VCU considers change to COVID-19 testing eligibility

Infographic by Raymond Liu

Katharine DeRosa, Staff Writer

When sophomore Kristin Townsend heard a friend of hers had been in close contact with someone who tested positive for COVID-19, she asked VCU to be tested for the virus. Townsend was shocked when a VCU Health representative told her they would not be testing her.

“I was kind of confused and taken aback by how they were just like ‘you’re a contact of a contact of someone who has COVID-19, you don’t need to be tested,’” the health, physical education and exercise sciences major said.

Townsend searched online for COVID-19 testing sites in the Richmond area and found CVS Pharmacy offered the service for free. After getting tested and quarantining for two to three days, Townsend received positive test results.
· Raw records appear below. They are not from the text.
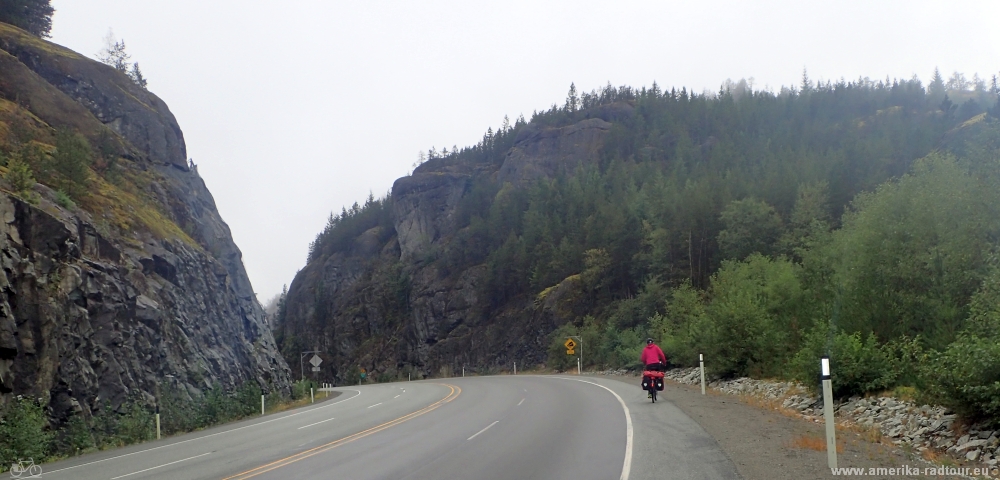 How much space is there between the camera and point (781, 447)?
11.3 metres

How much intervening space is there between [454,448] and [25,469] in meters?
9.75

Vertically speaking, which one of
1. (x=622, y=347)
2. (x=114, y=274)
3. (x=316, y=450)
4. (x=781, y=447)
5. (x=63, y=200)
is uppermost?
(x=63, y=200)

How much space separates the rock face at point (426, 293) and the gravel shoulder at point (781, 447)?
54.6 meters

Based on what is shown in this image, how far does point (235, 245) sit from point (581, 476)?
4351cm

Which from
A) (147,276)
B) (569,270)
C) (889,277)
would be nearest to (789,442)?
(889,277)

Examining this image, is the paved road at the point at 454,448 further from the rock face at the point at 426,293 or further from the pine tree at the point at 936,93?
the pine tree at the point at 936,93

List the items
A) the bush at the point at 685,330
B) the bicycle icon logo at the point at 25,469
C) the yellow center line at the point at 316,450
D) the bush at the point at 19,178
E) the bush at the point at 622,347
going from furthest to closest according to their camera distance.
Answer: the bush at the point at 622,347 → the bush at the point at 685,330 → the bush at the point at 19,178 → the bicycle icon logo at the point at 25,469 → the yellow center line at the point at 316,450

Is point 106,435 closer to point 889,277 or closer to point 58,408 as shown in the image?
point 58,408

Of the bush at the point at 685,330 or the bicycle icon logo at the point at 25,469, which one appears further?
the bush at the point at 685,330

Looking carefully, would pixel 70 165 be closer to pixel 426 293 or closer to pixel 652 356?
pixel 652 356

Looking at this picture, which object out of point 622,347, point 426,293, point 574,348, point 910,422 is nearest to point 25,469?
point 910,422

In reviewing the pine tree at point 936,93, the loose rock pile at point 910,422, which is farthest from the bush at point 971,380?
the pine tree at point 936,93

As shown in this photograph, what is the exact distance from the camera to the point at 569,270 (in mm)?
74875

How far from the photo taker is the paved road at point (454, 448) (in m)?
10.5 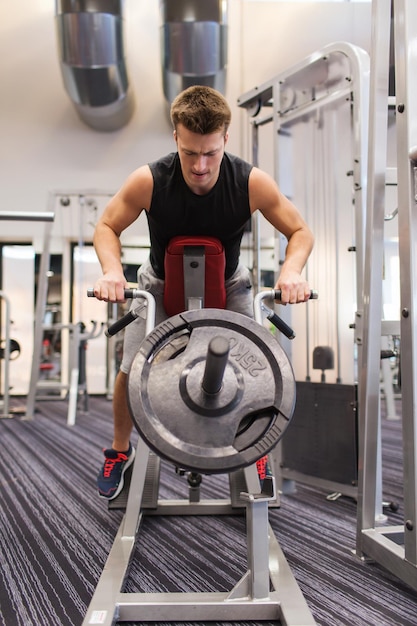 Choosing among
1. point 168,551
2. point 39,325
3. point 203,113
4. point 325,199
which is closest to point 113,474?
point 168,551

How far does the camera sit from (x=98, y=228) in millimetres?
1616

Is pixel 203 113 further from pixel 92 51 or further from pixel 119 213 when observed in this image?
pixel 92 51

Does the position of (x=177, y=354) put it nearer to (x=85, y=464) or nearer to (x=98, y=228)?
(x=98, y=228)

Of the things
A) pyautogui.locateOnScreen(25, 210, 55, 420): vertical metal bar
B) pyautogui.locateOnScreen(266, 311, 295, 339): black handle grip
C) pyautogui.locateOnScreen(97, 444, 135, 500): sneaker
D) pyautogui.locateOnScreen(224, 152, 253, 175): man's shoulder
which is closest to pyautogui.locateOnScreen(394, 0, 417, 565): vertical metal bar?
pyautogui.locateOnScreen(266, 311, 295, 339): black handle grip

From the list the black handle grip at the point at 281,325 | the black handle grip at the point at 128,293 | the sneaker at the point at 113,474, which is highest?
the black handle grip at the point at 128,293

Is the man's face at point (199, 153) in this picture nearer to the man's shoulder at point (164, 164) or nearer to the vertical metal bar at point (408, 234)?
the man's shoulder at point (164, 164)

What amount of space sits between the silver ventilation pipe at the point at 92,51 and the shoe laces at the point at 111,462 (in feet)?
12.1

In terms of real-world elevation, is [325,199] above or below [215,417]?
above

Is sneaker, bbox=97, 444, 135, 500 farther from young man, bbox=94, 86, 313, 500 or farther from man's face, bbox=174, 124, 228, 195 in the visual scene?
man's face, bbox=174, 124, 228, 195

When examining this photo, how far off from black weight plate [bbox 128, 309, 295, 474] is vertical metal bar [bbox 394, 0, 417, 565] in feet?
1.51

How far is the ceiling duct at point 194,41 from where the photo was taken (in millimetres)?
4344

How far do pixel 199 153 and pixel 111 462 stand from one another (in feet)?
3.49

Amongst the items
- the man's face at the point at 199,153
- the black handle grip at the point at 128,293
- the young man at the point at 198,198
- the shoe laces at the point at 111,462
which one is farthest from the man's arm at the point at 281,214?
the shoe laces at the point at 111,462

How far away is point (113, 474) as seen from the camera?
72.9 inches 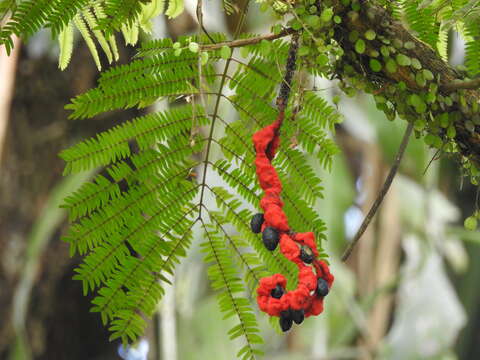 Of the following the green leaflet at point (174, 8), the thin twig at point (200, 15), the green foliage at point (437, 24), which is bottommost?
the green foliage at point (437, 24)

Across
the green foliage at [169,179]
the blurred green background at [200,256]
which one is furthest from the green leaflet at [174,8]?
the blurred green background at [200,256]

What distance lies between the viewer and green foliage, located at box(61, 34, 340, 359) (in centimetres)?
132

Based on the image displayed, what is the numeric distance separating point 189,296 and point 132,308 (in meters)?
3.24

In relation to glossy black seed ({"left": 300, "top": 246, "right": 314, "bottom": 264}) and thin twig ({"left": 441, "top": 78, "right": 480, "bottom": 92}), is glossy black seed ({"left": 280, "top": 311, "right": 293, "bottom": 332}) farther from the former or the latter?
thin twig ({"left": 441, "top": 78, "right": 480, "bottom": 92})

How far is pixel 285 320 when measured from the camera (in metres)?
1.07

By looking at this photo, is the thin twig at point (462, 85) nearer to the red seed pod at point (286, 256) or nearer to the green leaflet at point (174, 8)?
the red seed pod at point (286, 256)

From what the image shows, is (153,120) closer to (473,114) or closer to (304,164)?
(304,164)

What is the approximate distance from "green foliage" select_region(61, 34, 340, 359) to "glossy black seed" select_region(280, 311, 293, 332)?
9.1 inches

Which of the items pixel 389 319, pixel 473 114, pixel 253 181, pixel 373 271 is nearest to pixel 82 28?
pixel 253 181

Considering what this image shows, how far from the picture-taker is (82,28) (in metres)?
1.51

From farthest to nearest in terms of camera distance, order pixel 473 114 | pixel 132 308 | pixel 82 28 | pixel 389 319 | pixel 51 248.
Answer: pixel 389 319 → pixel 51 248 → pixel 82 28 → pixel 132 308 → pixel 473 114

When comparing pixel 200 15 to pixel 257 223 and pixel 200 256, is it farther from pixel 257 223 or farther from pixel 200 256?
pixel 200 256

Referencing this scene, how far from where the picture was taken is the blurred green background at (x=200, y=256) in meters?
4.28

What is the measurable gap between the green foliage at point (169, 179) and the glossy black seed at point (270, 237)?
0.80 feet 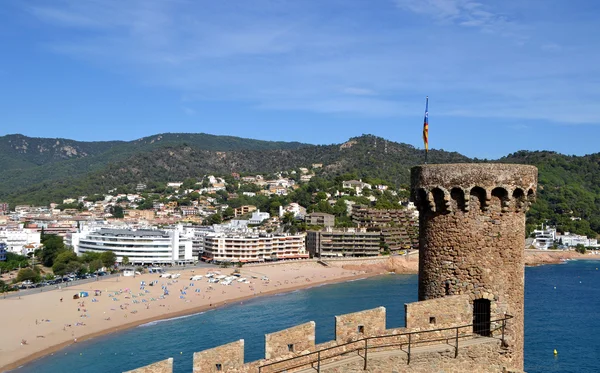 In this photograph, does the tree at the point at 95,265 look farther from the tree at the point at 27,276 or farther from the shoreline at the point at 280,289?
the shoreline at the point at 280,289

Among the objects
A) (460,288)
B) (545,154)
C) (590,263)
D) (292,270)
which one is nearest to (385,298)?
(292,270)

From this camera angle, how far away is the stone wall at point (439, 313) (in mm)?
8297

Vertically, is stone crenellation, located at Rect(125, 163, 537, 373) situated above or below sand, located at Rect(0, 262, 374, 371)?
above

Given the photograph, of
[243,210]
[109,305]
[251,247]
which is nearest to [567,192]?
[243,210]

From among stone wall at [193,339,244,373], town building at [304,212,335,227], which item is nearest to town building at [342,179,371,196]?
town building at [304,212,335,227]

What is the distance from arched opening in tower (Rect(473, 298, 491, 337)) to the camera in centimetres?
870

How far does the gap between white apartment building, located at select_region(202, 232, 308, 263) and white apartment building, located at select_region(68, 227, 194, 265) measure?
418 centimetres

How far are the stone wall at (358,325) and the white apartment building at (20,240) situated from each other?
9574cm

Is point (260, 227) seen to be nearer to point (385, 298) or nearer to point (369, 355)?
point (385, 298)

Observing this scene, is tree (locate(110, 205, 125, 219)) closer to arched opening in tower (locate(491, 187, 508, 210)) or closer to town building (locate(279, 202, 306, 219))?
town building (locate(279, 202, 306, 219))

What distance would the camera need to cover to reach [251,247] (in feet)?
297

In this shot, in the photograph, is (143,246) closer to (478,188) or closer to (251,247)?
(251,247)

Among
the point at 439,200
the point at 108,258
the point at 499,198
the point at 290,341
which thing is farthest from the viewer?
the point at 108,258

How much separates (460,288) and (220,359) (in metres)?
3.78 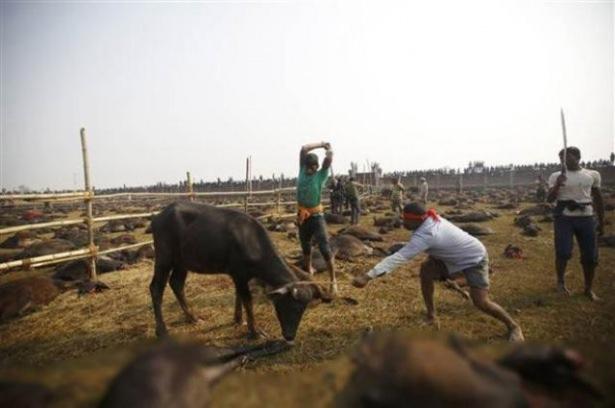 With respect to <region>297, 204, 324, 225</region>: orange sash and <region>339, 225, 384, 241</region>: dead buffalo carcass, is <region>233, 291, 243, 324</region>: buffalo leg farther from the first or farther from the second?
<region>339, 225, 384, 241</region>: dead buffalo carcass

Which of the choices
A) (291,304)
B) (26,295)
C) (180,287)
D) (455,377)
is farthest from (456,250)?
(26,295)

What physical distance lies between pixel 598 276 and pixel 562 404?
7.32 metres

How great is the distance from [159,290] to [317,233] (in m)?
2.44

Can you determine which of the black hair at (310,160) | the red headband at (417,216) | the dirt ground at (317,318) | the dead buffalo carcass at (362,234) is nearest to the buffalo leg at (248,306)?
the dirt ground at (317,318)

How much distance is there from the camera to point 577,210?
18.4ft

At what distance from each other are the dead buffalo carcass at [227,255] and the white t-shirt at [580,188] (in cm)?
401

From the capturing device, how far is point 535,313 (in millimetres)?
5289

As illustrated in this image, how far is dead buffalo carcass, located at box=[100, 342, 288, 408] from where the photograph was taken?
1.18 meters

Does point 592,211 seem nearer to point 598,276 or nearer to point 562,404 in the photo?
point 598,276

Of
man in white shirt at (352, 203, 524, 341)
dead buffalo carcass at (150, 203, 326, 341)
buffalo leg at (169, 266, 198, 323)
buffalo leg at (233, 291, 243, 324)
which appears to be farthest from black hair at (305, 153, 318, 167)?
buffalo leg at (169, 266, 198, 323)

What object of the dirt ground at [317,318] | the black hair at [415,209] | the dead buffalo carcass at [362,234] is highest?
the black hair at [415,209]

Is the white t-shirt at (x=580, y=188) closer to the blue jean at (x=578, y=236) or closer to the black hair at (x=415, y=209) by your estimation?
the blue jean at (x=578, y=236)

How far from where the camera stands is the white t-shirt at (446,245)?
413 centimetres

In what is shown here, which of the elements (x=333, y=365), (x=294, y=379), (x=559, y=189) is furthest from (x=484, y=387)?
(x=559, y=189) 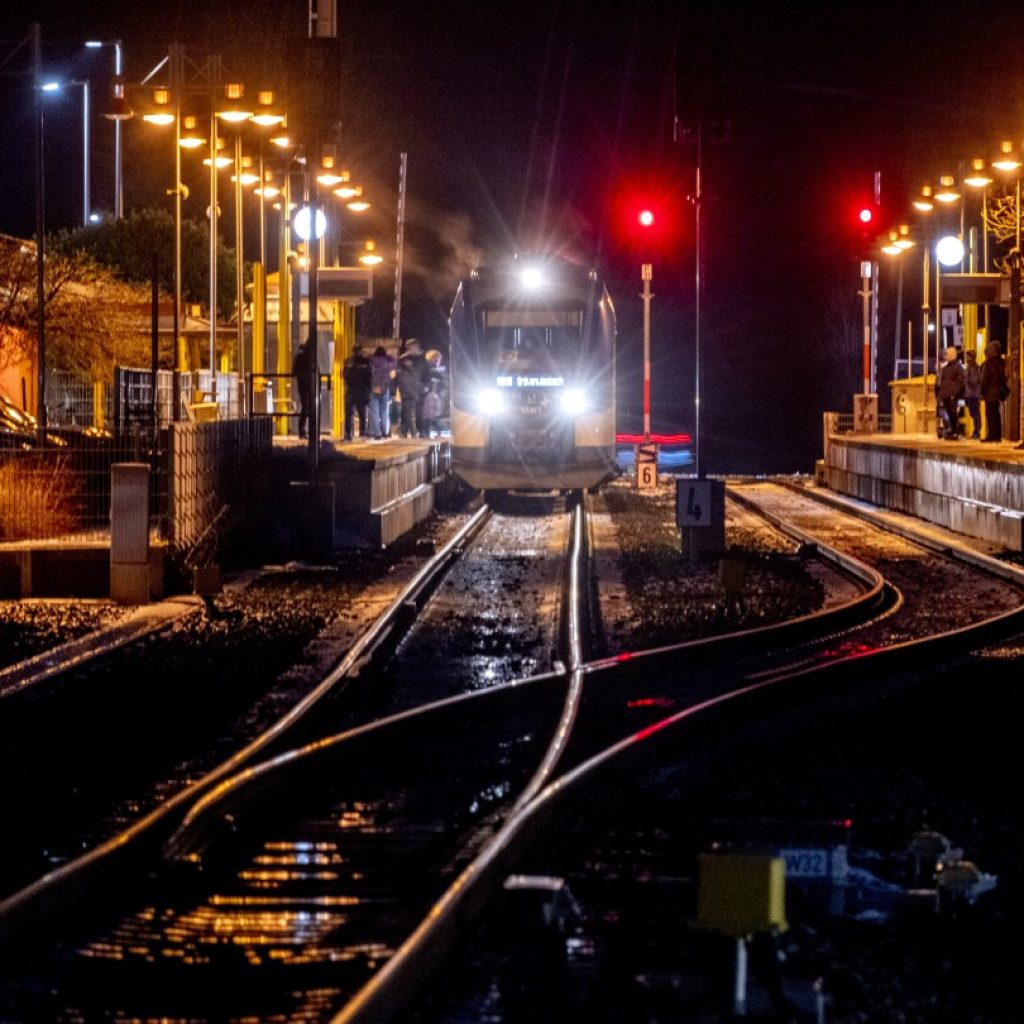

As required for students who live on campus, Townsend notified VCU of her positive status. The university then placed her in isolation housing for 10 days. She was released after being asymptomatic for seven days. 

“They took care of me while I was in isolation, but it was confusing, so I’m glad I took the safety precautions that I did,” Townsend said.

VCU is considering adopting an at-will testing program that would allow asymptomatic students and employees to be tested for COVID-19 at an undetermined fee, according to a university spokesperson.

Thomas Gresham, director of news operations for VCU, said the university is evaluating its testing capacity to determine if at-will testing is possible.

Students are eligible for free testing from VCU if they are experiencing symptoms of COVID-19, or if they came into close contact with someone who tested positive for the virus. 

Gresham said in an email that the university follows the Virginia Department of Health’s guidelines regarding what qualifies as close contact. 

According to the VDH, anyone who has been closer than six feet for at least 15 minutes to someone who has COVID-19 may be exposed to the virus. Exposure may also occur via coughing, sneezing, kissing, and sharing utensils and drinks.

VCU refers close contacts to VCU Health for testing. Gresham said in an email that even if a close contact tests negative, they are required to quarantine for 14 days after their last exposure. 

Junior photography and film major Kayleigh MacDonald said she was denied a test by VCU because she had not established direct contact with a potential positive case. 

Out of concern that she had been exposed to someone with the virus, MacDonald said she called the university’s COVID-19 hotline and scheduled a telehealth appointment with a nurse. She was then told she was not eligible for a test. 

“I was sort of expecting them to be more willing to test,” MacDonald said. “They asked us to come back to school during a pandemic.”

MacDonald’s contact ended up testing negative, so MacDonald did not seek testing from outside the university. 

There are many COVID-19 testing sites in the Richmond and Henrico area for people with or without insurance. Some require an appointment ahead of time, and others offer walk-up testing. You can find an extensive list on the VDH’s website.

At-will COVID-19 testing locations include: 

  • Patient First, 12 N. Thompson St.
  • West Grace Health Center, 517 W. Grace St.
  • CVS Minute Clinic, 3514 W. Cary St.
  • Hamilton Health Center of Richmond, VA, 201 N. Hamilton St.
  • Walgreens, 2924 Chamberlayne Ave.